Era él, no había duda, nadie como él alteraba tanto la imaginación de la pequeña; le veía ahora como en los sueños en los que, a la entrada de un largo y estrecho pasillo que ella debía de cruzar, aparecía siempre delante, cortándole el paso; un enorme perro negro de pelaje erizo, hocico jadeante y ojos como de fuego, en el que había mucho de humano y de diabólico…pero que pese a todo, ella reconocía.
Al llegar a la puerta se detuvo según su costumbre. La luz de la luna iluminó la asquerosa piel de su cara, calada cual pedazo de carne seca y cubierta de cicatrices y marcas de viruelas. Miró hacia adentro como otras veces, con sus lascivos y redondos ojos siempre inyectados de sangre. Avanzó con paso convulso; lento, entró en la habitación como buscando de un lado a otro. Llevaba en la mano una botella vacía, las correas de las botas desamarradas, y los cabellos crispados como si fuesen alambres. Diana, apenas le vio, comenzó a llorar asustada, Sofía la abrazó con todas sus fuerzas, cubriéndola del viejo que le lanzó la botella y que, herrando sobre la barda hizo pedazos. Cerró luego la puerta y colocó la tranca. -«Ya verás mocosa del demonio, me las vas apagar»-, le gritó echándose sobre ella, y arrancándole a su hermanita de los brazos; la estrello contra la pared.
La niñita cayó inmóvil.
De la manera más infame ultrajó a Sofía desgarrando con sus asquerosas manos el vestidito que llevaba. Ella lloraba y gritaba con todas sus fuerzas que ya sentía se terminaban. No podía ya moverse y de sus negros ojos de donde debían brotar destellos de infantil alegría, corrían gruesas lágrimas de impotencia que resbalaban por su carita.

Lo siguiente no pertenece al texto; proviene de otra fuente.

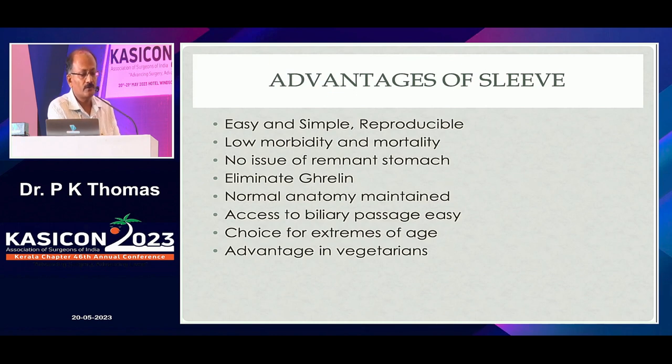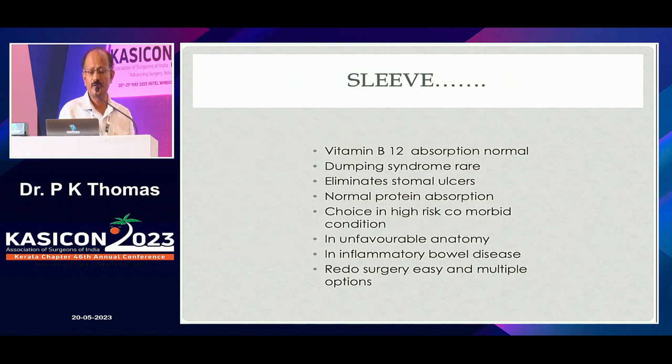Why do surgeons prefer SLEEVE? These are the advantages: easy and simple, reproducible, low morbidity and mortality, no issue of remnant stomach. It eliminates ghrelin because you are taking off the fundal region. Normal anatomy is maintained — very important. Access to biliary passage is easy. Choice in the extremes of age. Advantages in vegetarians. Vitamin B12 absorption is normal. Dumping syndrome is rare. It eliminates stomal ulcers because there is no stoma. Normal protein absorption. Choice in high-risk comorbid conditions, unfavorable anatomy, inflammatory bowel disease. And redo surgery is easy with multiple options available.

Cuando él hubo salido, la pequeña, que apenas tenía fuerza para respirar con dificultad, quiso mirar que había sido de su hermanita, a la que vio muerta. En un instante así; Sofía no comprendía bien lo que le había ocurrido pero sentía el dolor físico de haber sido ultrajada y un dolor en el alma por estar sola en el mundo.

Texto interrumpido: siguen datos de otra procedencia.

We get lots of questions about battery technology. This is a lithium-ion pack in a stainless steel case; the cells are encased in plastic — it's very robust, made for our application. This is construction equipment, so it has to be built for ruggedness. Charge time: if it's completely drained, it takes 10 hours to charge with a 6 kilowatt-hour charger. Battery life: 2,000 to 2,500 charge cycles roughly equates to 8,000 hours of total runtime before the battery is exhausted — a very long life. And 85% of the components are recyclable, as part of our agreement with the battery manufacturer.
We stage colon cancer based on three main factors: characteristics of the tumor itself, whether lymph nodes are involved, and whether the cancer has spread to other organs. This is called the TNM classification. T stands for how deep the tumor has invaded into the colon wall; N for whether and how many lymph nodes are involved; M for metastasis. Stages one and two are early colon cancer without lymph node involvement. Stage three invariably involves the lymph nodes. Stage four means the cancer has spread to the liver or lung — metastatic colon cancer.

Luego entonces arrastrándose por el suelo, cogió debajo de la mesa un grueso pedazo de vidrio de la botella estrellada. Adolorida por la bestial manipulación de que había sido objeto, sintió como ya otras tantas veces esa misma mezcla de asco, odio y desprecio por ese animal demoníaco al que debía todos sus pesares. Cortó pues de un tajo con el vidrio una de sus manos, y mientras sentía como sus fuerzas se desvanecían poco a poco, se sentía también caer en un profundo sueño, del que por algunos momentos volvía sobresaltada para caer de nuevo en el. Tantas veces había rogado -¡Diosito llévame contigo, ya no quiero estar aquí!-, y tantas veces su súplica no había sido escuchada, que ahora, no podía menos que sentirse aliviada. En el último momento, ya cuando no podía distinguir muy bien si estaba aún viva o no, escucho un ligero quejido que pensó era de su hermanita; miro entonces y creyó ver que se movía. Quería levantarse, correr al lado de su hermana, ayudarla, abrazarla fuerte y llorar con ella. Quiso gritar pero le fue imposible, ya no le quedaban fuerzas para tanto, quería vivir para cuidar de su hermanita y al mismo tiempo, abandonar un mundo tan lleno de miseria y soledad.

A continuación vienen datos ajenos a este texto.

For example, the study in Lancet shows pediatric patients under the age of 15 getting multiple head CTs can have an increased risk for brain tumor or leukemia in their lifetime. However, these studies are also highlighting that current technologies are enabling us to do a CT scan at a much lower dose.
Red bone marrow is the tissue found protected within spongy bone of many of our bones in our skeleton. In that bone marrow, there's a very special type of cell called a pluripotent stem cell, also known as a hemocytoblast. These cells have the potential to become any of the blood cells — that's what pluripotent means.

Su corazón latía ya sin fuerza pero con un sobresalto tal, que en aún en términos médicos sería imposible describir. Su cuerpo se estremecía en el estertor de la muerte, de su manecita fría, fluía todavía la sangre y un minuto después…murió.
Diana su hermanita, había muerto al instante mismo de estrellarse en la barda. Ni siquiera en su agonía, pudo Sofía olvidar su desgracia. Creyendo a su hermanita viva, el sabor de la muerte que alguna vez pensó dulce, fue tan amargo como lo fue su vida.